Ratings agency Standard & Poors has more bad news for homebuilders. The firm expects their results to keep deteriorating and has 18 of the 22 companies it follows on watch for possible downgrades. Three others are in default. Only one, NVR, has a stable outlook.
New home deliveries for the group fell 33% in November. The average sale price fell 9% to $273,000.
“We believe that new housing starts may bottom out this quarter at their lowest levels since the end of World War II, but that excess supply and weaker demand will continue to push prices down through the middle of next year,” analyst James Fielding says.
If you want to brighten somebody’s holiday, visit a new home showroom.
An article from the January edition of Reason Magazine caught my eye the other day. It shows just how far out of whack home prices had gotten. Editor Tim Cavanaugh writes that “Comparing data from the U.S. Census Bureau and the National Association of Realtors, a house today costs four times your annual salary. Ten years ago it cost only three times as much. In 1988 it cost twice as much; in 1978, less than twice as much."
The day before I read that I had got an email from Rob Jenson, a Realtor in Las Vegas whom I've found is very honest about the crummy state of the market. His email was titled "The moment we've all been waiting for," and it went on to say "You can finally buy investment properties and get a Positive Return on Invesment!"

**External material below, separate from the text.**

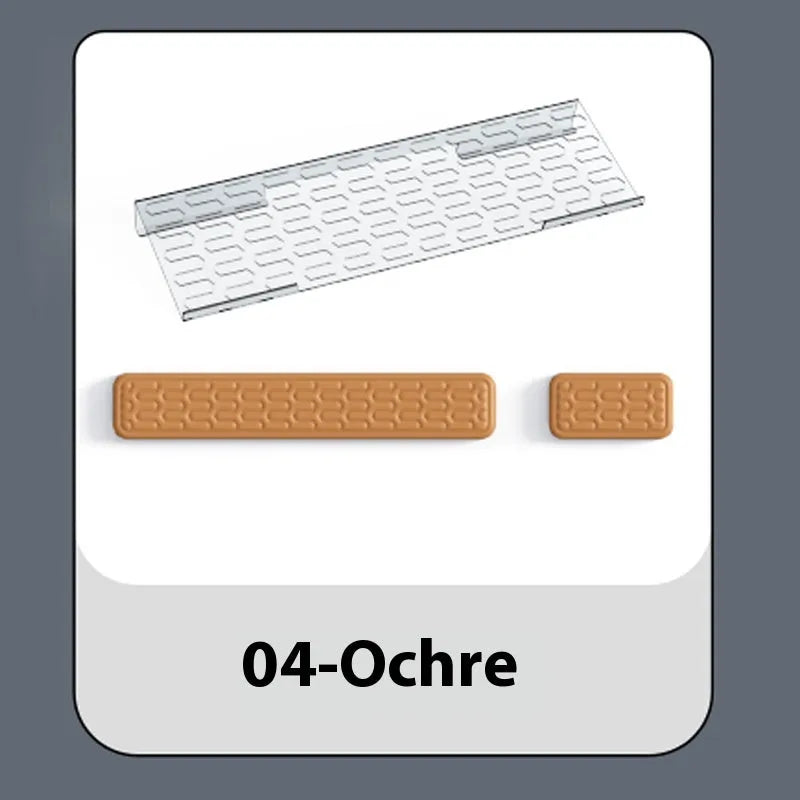 Double-sided memory foam keyboard and mouse pad with wrist support in various colours.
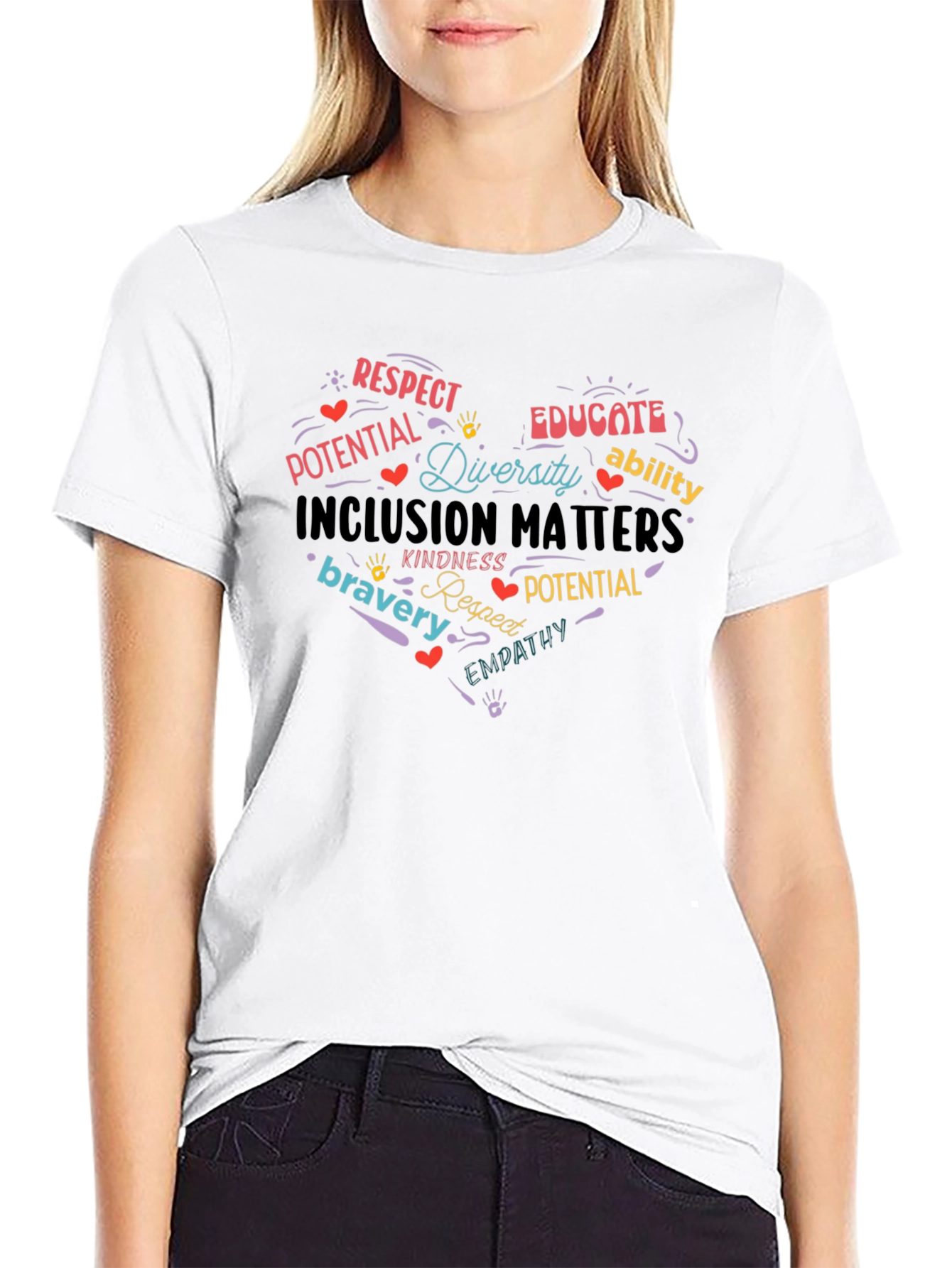 Camiseta Negra con Diseño Inclusión Matters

He didn't elaborate on the math but I'm sure he's right. Prices in Vegas have finally fallen to the point we're buying actually makes financial sense.

I went to a bank-owned home auction run by ValueHomeAuctions.com on Saturday. The event, in downtown Los Angeles, started at 9:30 and it was only half-way done when I got there two and half hours later. They were auctioning off over 140 homes.
Compared to an auction I went to earlier in the year, this one had probably half as many people. And there was no free coffee! This event had cheerleaders though--well they were auction house employees clapping on the sidelines during the bidding to get folks fired up.
Just to make it clear, these are not sheriff's auctions where people lose their homes to the bank. These are homes that have already been foreclosed on. Typically the bank has tried to sell the property through local Realtors and unable to do that now just wants to get rid of it.
Another thing I noticed about this event was much lower prices. Six months ago homes at the auction I went to were selling for about 60% of the "previous value" which is typically what the bank had last listed it when it was trying to sell it through a real estate agent.
Here are some of the prices I saw:
A five bedroom home in Norco, Calif., way out east of L.A., had a starting bid of $136,000 and sold for $390,000. It was previously valued at $990,000.
A three bedroom, three bath in Menifee, again one of the those far out but still nice Los Angeles suburbs, went for $130,000, twice the starting bid of $58,000 but about one third of the previous value of $431,000.
A four bedroom house in Hemet, again one of those far east suburbs, went for $125,000, twice the starting price of $54,000 but one-third the previous value. You see a pattern here?
Although I didn't inspect any of the above mentioned properties they all looked like fairly decent houses, built during the boom and bought by people who for one reason or another, couldn't keep them. That's the house in Hemet in the photo above.
By the way, today's Los Angeles Times has an article about how the state is--for the fourth year in a row--seeing more people leaving than moving in. A trend entirely related to what I saw on the auction floor.
The Income Approach is one of three approaches to evaluating of property. The income approach refers to an appraisal technique called off the megascopic rent multiplier (GRM). GRM is a technique which is applyed to guess market value of property.
Related Posts:
China v. US–Top Down v. Bottom Up Dark-green Building Standards
Will High-Profile Approvals Spark Building in Boston?
Ah, remember when Southern California stood for sunshine, the Beach Boys and eternally rising housing prices? No more.
According to research firm MDA DataQuick, the median home price fell a record breaking 35% in November versus the same month in 2007. The median price paid for all homes combined last month was $285,000, down 5% from October. Last month’s median was the lowest since it was $298,000 in April 2003, which was the last time the median was below $300,000. November’s median stood 43.6 percent below the peak $505,000 median reached in spring and summer of last year.
The median price has eroded consistently over the past 16 months as price depreciation swept the region, discounted foreclosures ballooned in inland markets and sales stagnated in higher-end neighborhoods. The latter have suffered from, among other things, a difficult financing environment for large mortgages.
“Bargains and bargain hunters have kept this market alive through some of the bleakest financial news in memory. There’s this renewed sense that you can score a ‘deal’ – something that had been missing for many years. Last month’s Southland sales weren’t great, given they were the second-lowest for any November in 16 years. But they could have been a lot worse,” said John Walsh, DataQuick president.
Foreclosures have accounted for about half of all Southland resales during the past three months. In November, they reached 55%.